In 1824, Shannon was appointed as a circuit judge by Kentucky Gov. Joseph Desha. Just 25 days before the state Senate was to vote on Shannon’s confirmation, Desha’s son was charged with robbing and killing a man. The Senate confirmed Shannon’s appointment, and one of the first cases before him was the murder trial of Isaac Desha, son of the governor. Isaac was found guilty and Shannon ruled that Isaac should receive the death sentence.
The counsel for the defense immediately filed a motion for a new trial on the grounds that the jury had been tampered with and that the verdict was not in accordance with the evidence. Shannon agreed the evidence raised doubt as to Desha’s guilt, so he set aside the guilty verdict and granted a new trial. Many people criticized Shannon, but at the retrial, Isaac was again found guilty and another judge issued the same sentence. Gov. Desha then granted a pardon to his son.

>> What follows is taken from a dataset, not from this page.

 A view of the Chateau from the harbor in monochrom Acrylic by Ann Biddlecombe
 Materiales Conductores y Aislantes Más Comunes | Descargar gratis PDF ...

Even though Shannon possessed a lifetime position, he gave up his judgeship in 1828 and moved to St. Charles, Missouri. In 1829, Shannon was nominated for the position of U.S. attorney for the District of Missouri by President Andrew Jackson, and confirmed by the U.S. Senate. In 1832, Shannon ran unsuccessfully for the U.S. Senate against the incumbent, Thomas Hart Benton. Lake Jessie, in Griggs County, North Dakota, is named for Benton’s second oldest daughter, and Benton was a cousin-in-law to Henry Clay, Shannon’s former mentor. Shannon died on Aug. 30, 1836. In 1841, a new county was created in Missouri and named in honor of George Shannon. Shannon County and Texas County are the only two counties in Missouri that cover over 1,000 square miles.